# Lab7: Accessibility (Cumulative Opportunity) 

In this lab, we will measure accessibility using the **Cumulative Opportunity** method. This method evaluates accessibility by counting the number of opportunities (e.g., jobs, services) available within a specified distance or travel time from a given location. Additionally, it can incorporate the effect of distance—known as *distance decay*—by applying various decay functions.  
The method is defined as follows:

$$\LARGE O_i = {\sum_{j\in {\left\{{t_{ij}} \le {t_0} \right\}}}^{}{S_j}{f(t_{ij})}}$$

where:<br>
$O_i$: is the cumulative opportunity of location $i$ (e.g., the number of hospital accessible at location $i$). <br>
$S_j$: the degree of supply (e.g., number of doctors) at location $j$. <br>
$t_{ij}$: the travel time between locations $i$ and $j$. <br>
$t_0$: the threshold travel time of the analysis. <br>
$f(t_{ij})$: a distance decay function that decreases the weight of opportunities as the distance increases. <br>

In addition, this lab will implement the Gaussian distribution as a distance decay function. The Gaussian distribution is defined as:
$$\LARGE
G(t_{ij}, t_0) =
\begin{cases}
\frac{e^{-\frac{1}{2} \left(\frac{t_{ij}}{t_0}\right)^2} - e^{-\frac{1}{2}}}{1 - e^{-\frac{1}{2}}} & \text{if } t_{ij} \leq t_0 \\\\
0 & \text{if } t_{ij} > t_0
\end{cases}
$$

where: <br>
$G(t_{ij}, t_0)$: the Gaussian distribution value at distance $t_{ij}$ with a threshold $t_0$. <br>
$e$: the base of the natural logarithm (approximately 2.71828). <br>

## Notes:
**Before you submit your lab, make sure everything runs as expected WITHOUT ANY ERROR.** <br>
**Make sure you fill in any place that says `YOUR CODE HERE` or `YOUR ANSWER HERE`:**

In [None]:
FULL_NAME = ""

In [None]:
# Import necessary packages
import geopandas as gpd
import pandas as pd
import networkx as nx
import osmnx as ox
import math
import matplotlib.pyplot as plt

## 1. Data Preparation

**1.1.** (0 point) Load `emd_5179.geojson` in the data folder as the name of `emd_gdf` with GeoPandas.<br>
**1.2.** (0 point) Load `hospitals_seoul.geojson` in the data folder as the name of `hospital_gdf` with GeoPandas. <br>

In [None]:
# Your code here


In [None]:
""" Test code for the previous code. This cell should NOT give any errors when it is run."""
assert type(emd_gdf) == gpd.GeoDataFrame
assert emd_gdf.shape == (426, 4)
assert emd_gdf.crs == 'EPSG:5179'
assert hospital_gdf.shape == (14, 7)
assert hospital_gdf.crs == 'EPSG:5179'

print('Success!')

**1.3.** (2 point) Load `road_network_seoul.graphml` in the data folder as the name of `G` with OSMnx. <br>

In [None]:
# Your code here


In [None]:
""" Test code for the previous code. This cell should NOT give any errors when it is run."""
assert type(G) == nx.classes.multidigraph.MultiDiGraph
assert len(G.nodes) == 31253
assert len(G.edges) == 64513

print('Success!')

**1.4.** (2 points) For each hospital in `hospital_gdf`, find the nearest node in the network `G` and store the result in a new column named `nearest_nodes` in the `hospital_gdf` GeoDataFrame.

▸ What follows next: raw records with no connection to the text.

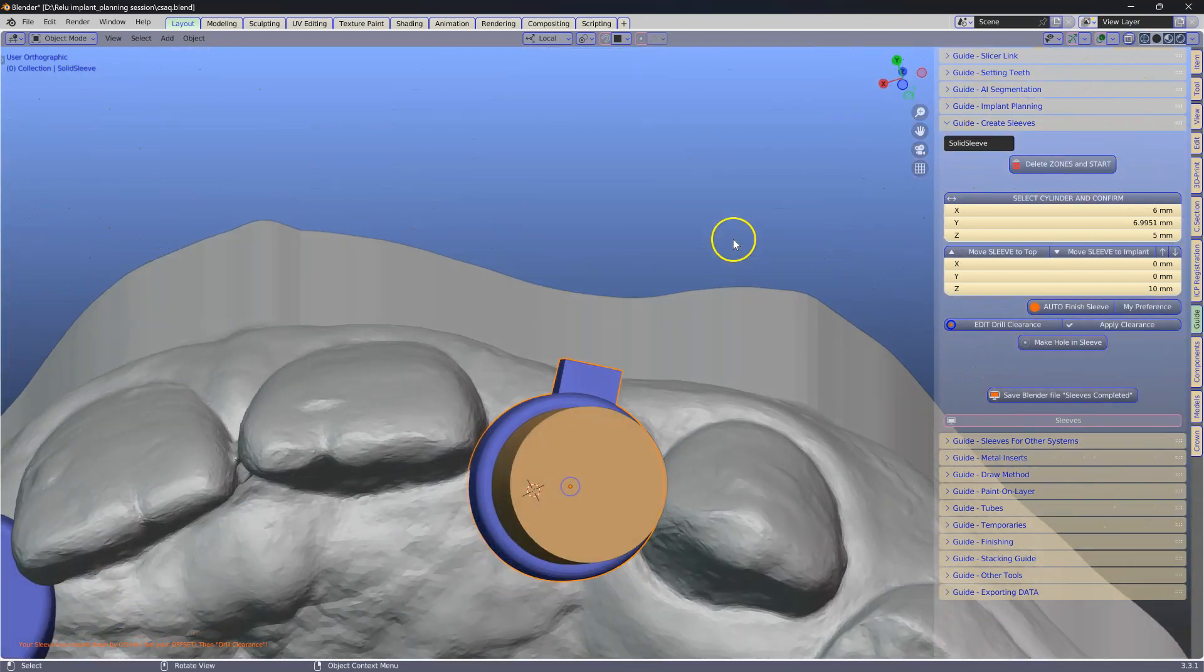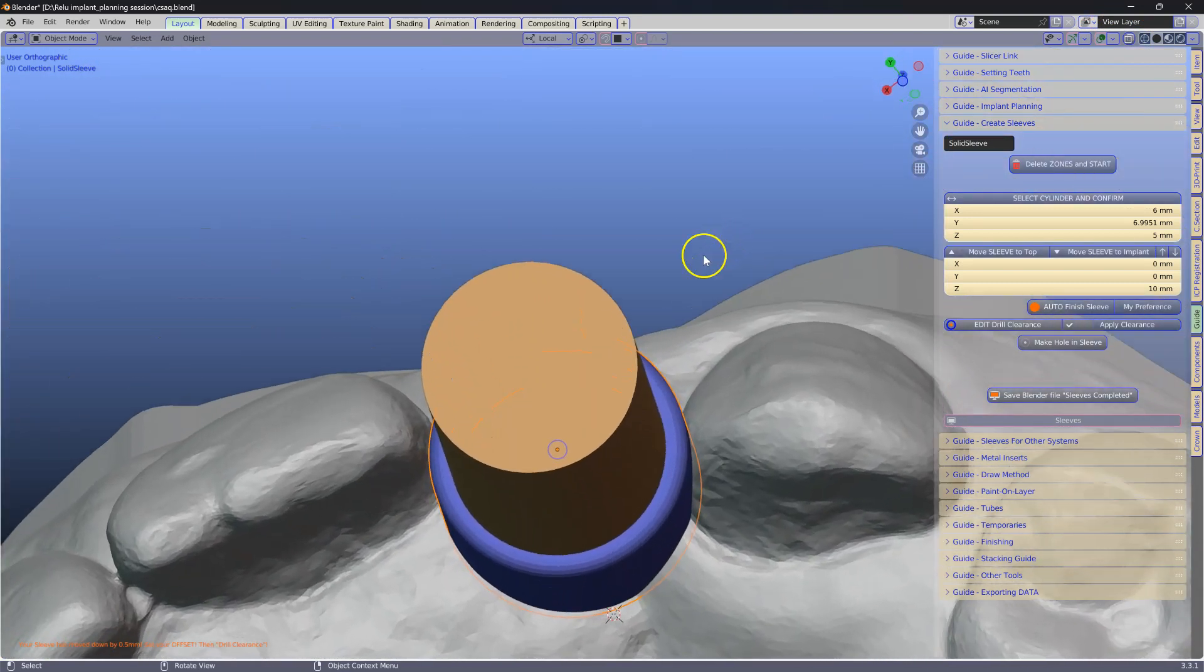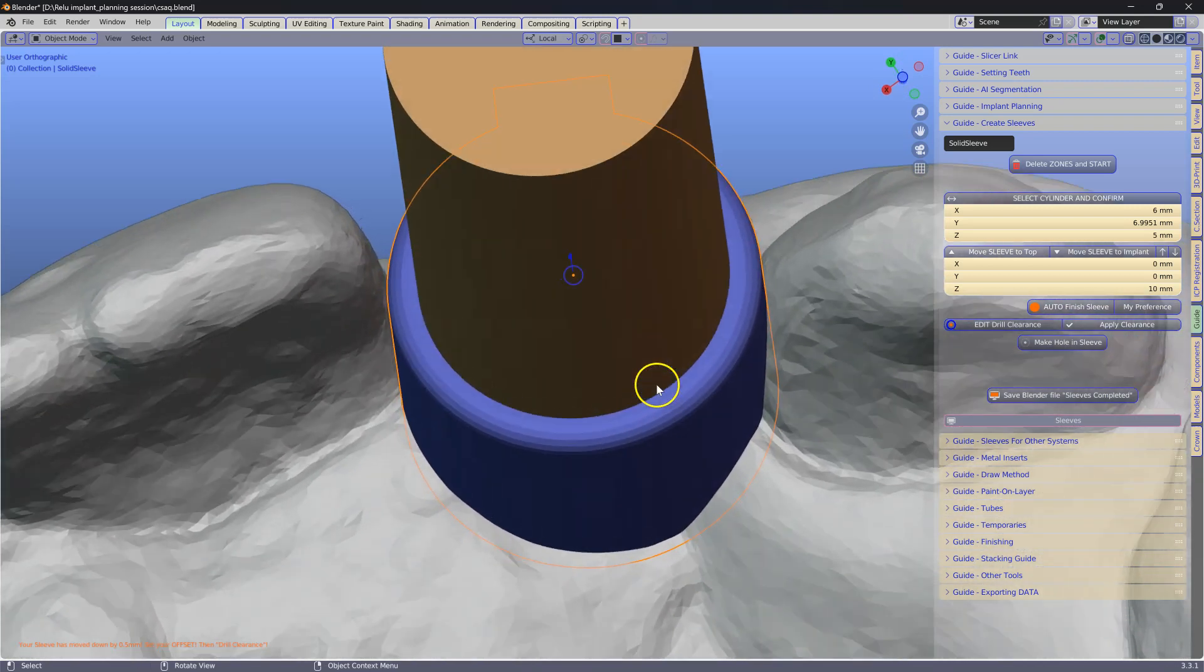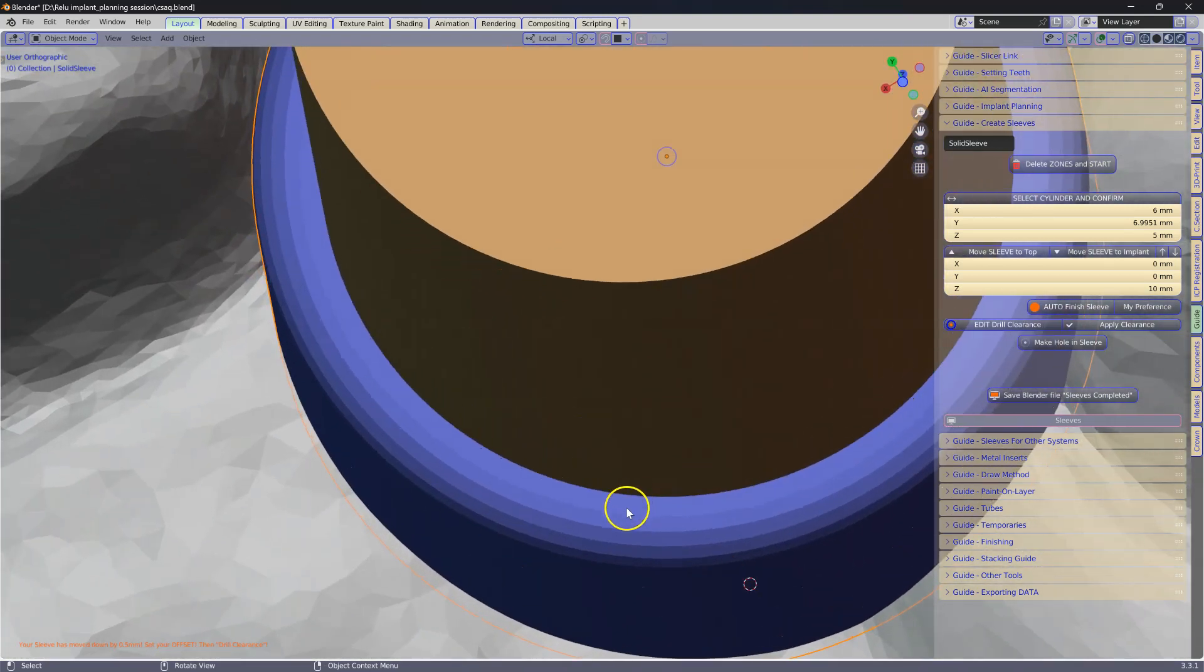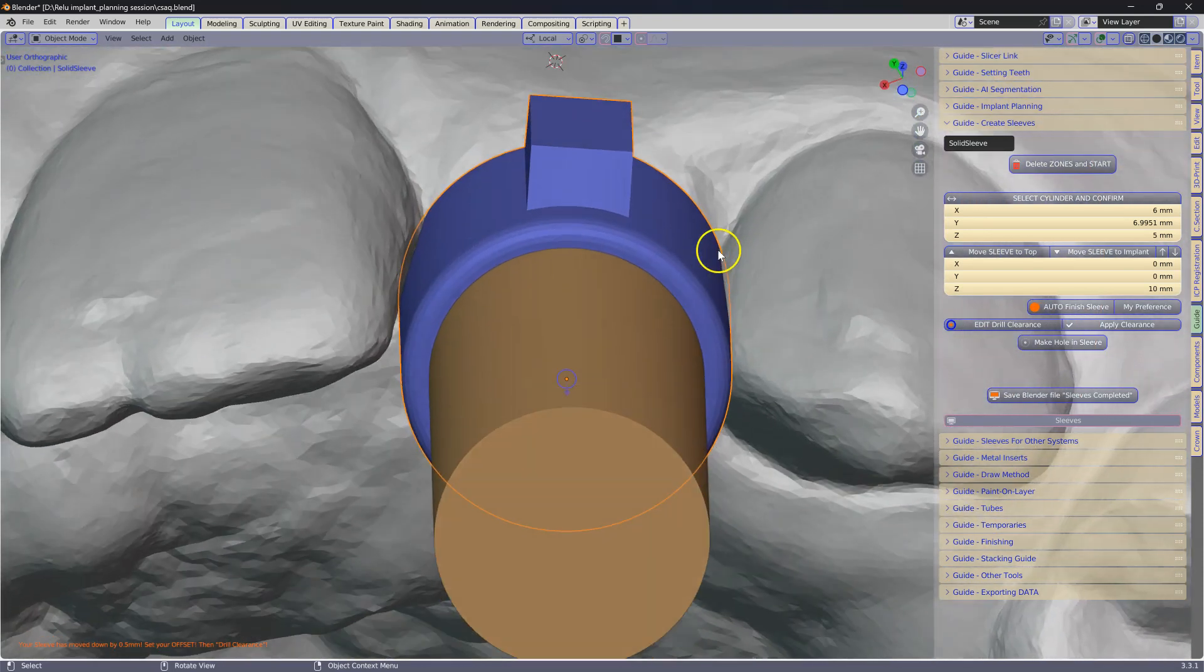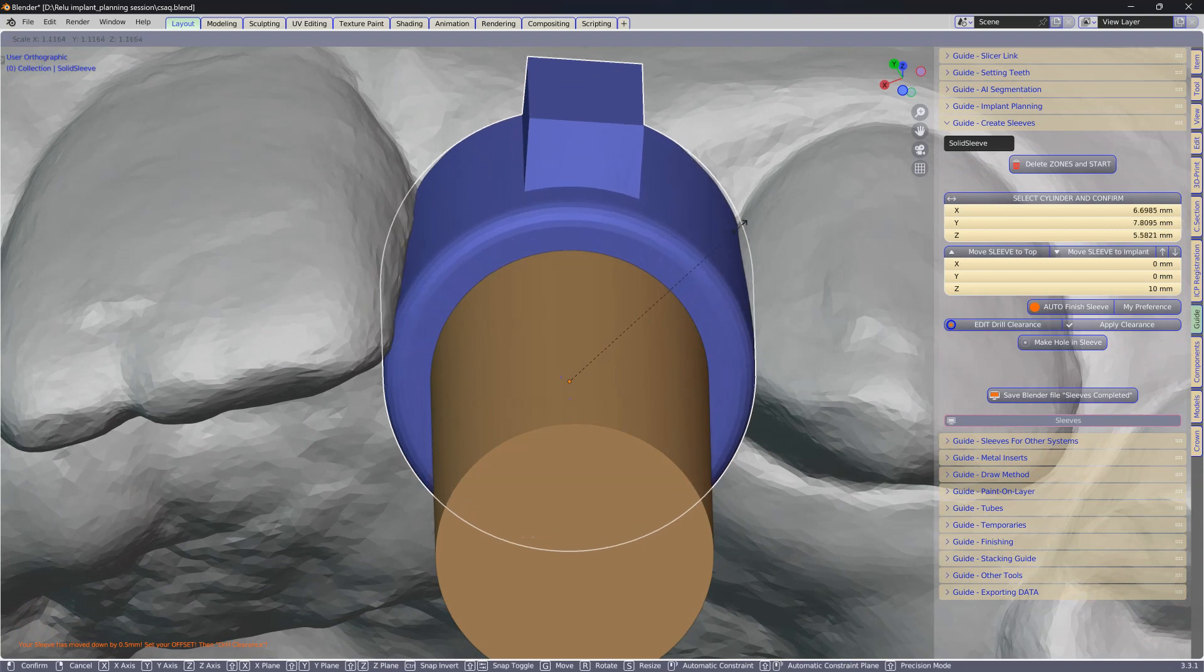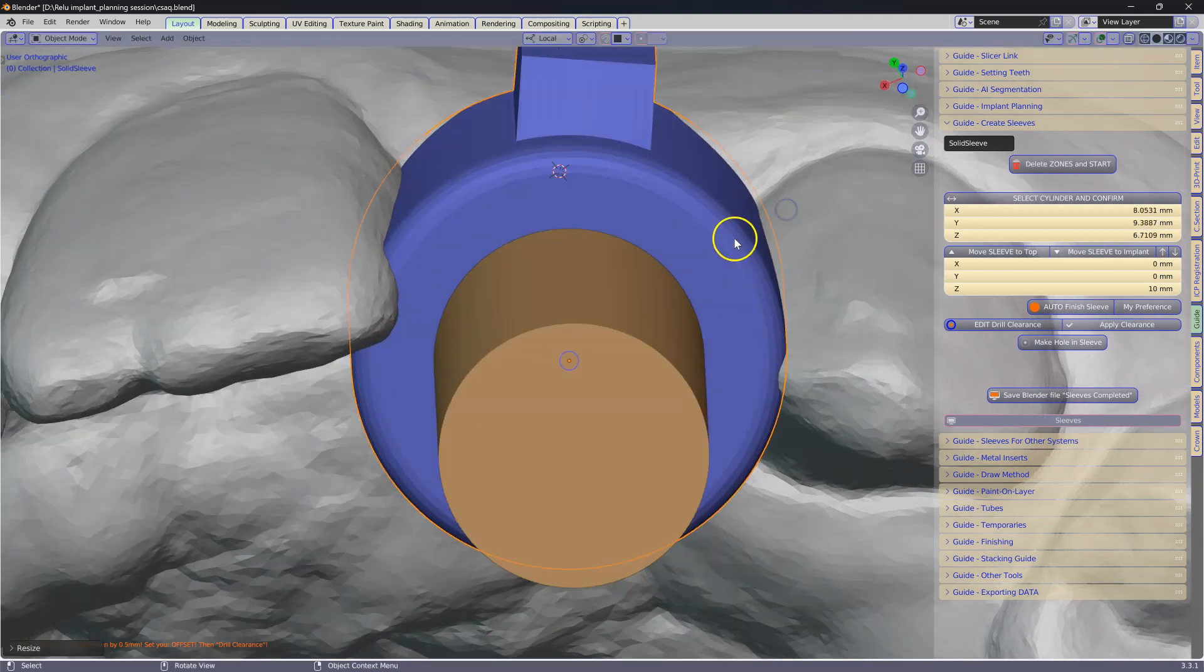Now we have to check the sleeve if it is correct and we have enough thickness around it, because when we are printing a sleeve we need to make sure we got enough material. In this case I am going to use the S key to scale it to put more material around it.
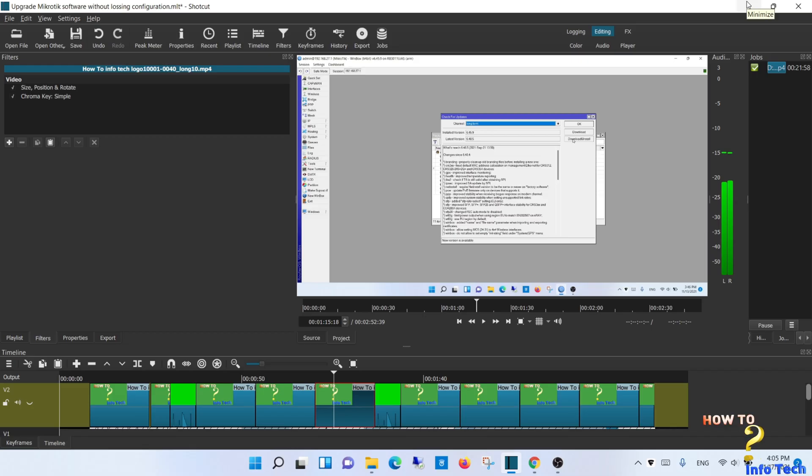Welcome dear viewers. In this short video, I will show you how to snapshot in Shotcut.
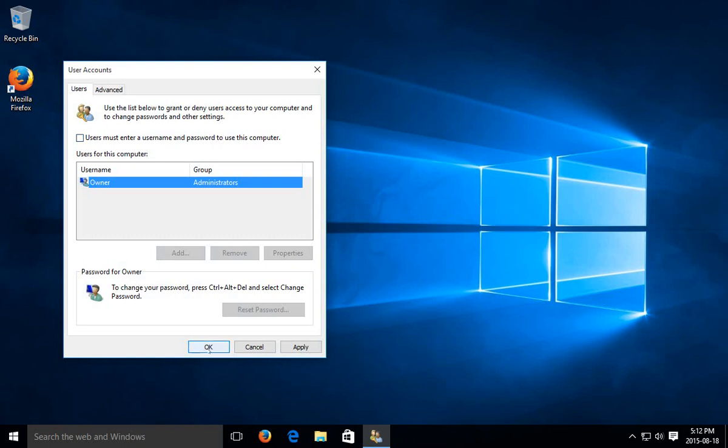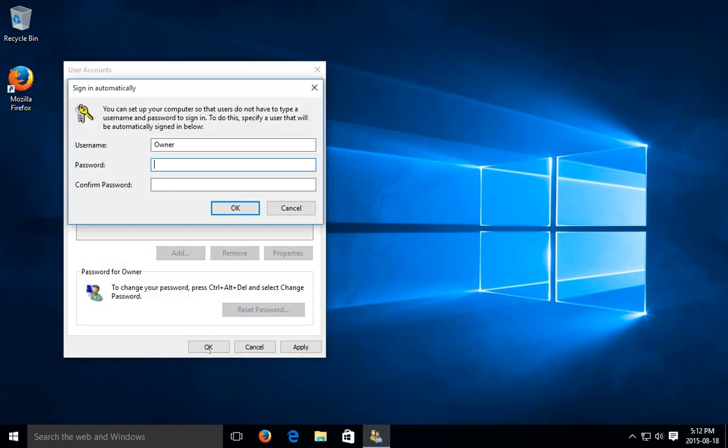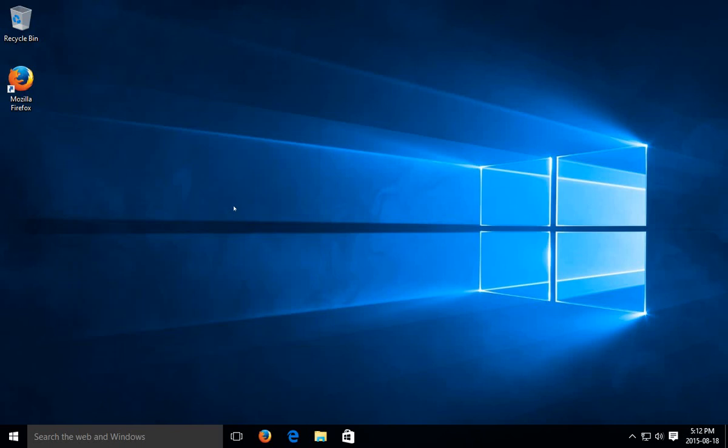Now click OK and it will prompt you for the password for the current account. So we'll go ahead and put that in, confirm it as well and click OK.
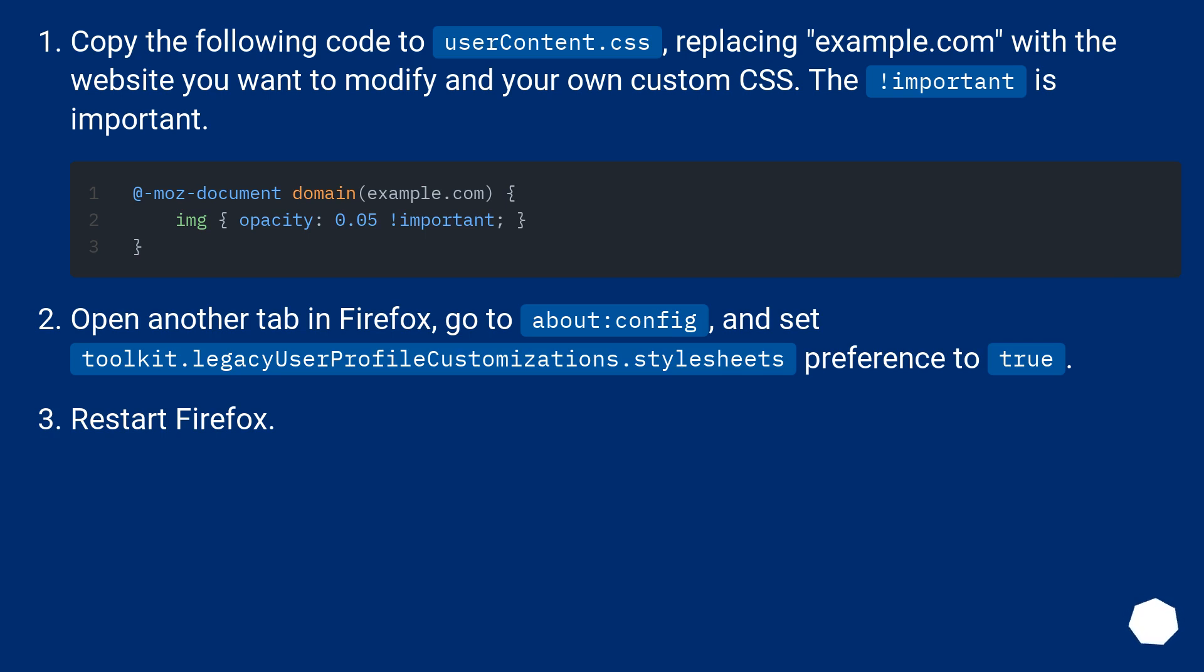Open another tab in Firefox, go to about:config, and set toolkit.legacyUserProfileCustomizations.stylesheets preference to true. Restart Firefox.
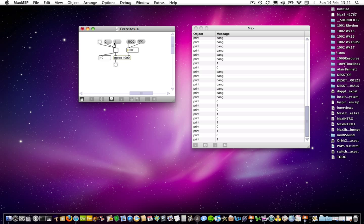And like I said earlier or in another part of this tutorial, numbers are understood by different objects or different inlets in objects in different ways. So here we've got another two message boxes with numbers in. But in this case, they're being used to communicate with the toggle object. And if you remember, the toggle object outputs ones and zeros.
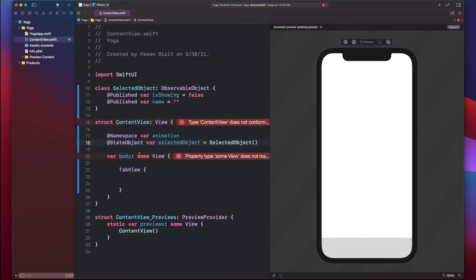As you saw here, we created a state object called 'selected object'. This will let us keep track of the yoga pose that we picked from the screen, and we will show the detail screen of that yoga pose.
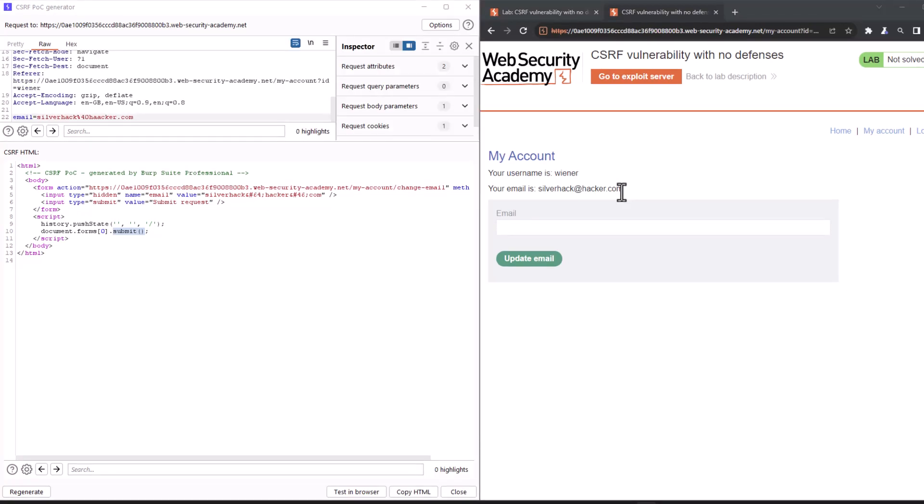So in a real pen test engagement, that would have been enough to prove that we have found a CSRF vulnerability. But to solve this lab, we need to do some extra steps. Alright, so we need to navigate to exploit server.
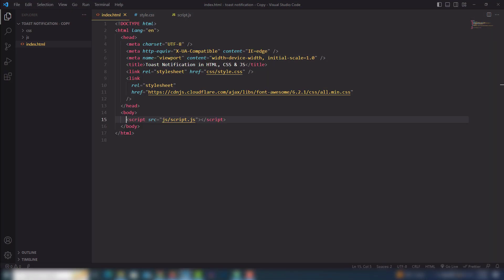Hey guys, welcome back to another video tutorial. In this video I'm going to show you how you can create a toast message using HTML, CSS, and also JavaScript. Here is the project that we're going to create — when I click on that I'm able to see the message has appeared on the right side. When the time is complete, the message is removed.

**1.5.** (2 points) For each centroid of an administrative region (읍면동) in `emd_gdf`, find the nearest node in the network `G` and store the result in a new column named `nearest_nodes` in the `emd_gdf` GeoDataFrame.


In [None]:
# Your code here


In [None]:
""" Test code for the previous code. This cell should NOT give any errors when it is run."""
assert hospital_gdf.loc[hospital_gdf['사업장명'] == '연세대학교의과대학세브란스병원', 'nearest_nodes'].values[0] == 637022
assert hospital_gdf.loc[hospital_gdf['사업장명'] == '삼성서울병원', 'nearest_nodes'].values[0] == 847578
assert emd_gdf.loc[emd_gdf['ADM_NM'] == '회기동', 'nearest_nodes'].values[0] == 347649
assert emd_gdf.loc[emd_gdf['ADM_NM'] == '여의동', 'nearest_nodes'].values[0] == 224341

print('Success!')

## 2. Get the accessible area of a hospital

In this section, we will calculate the accessible area of a hospital using the Cumulative Opportunity method.  
As illustrated in the image below, you will compute the opportunity for a hospital (e.g., `경희대학교병원`) within a specified travel time threshold (e.g., 10 minutes).  
Here, opportunity is defined as the number of hospitals that can be reached within the given travel time threshold.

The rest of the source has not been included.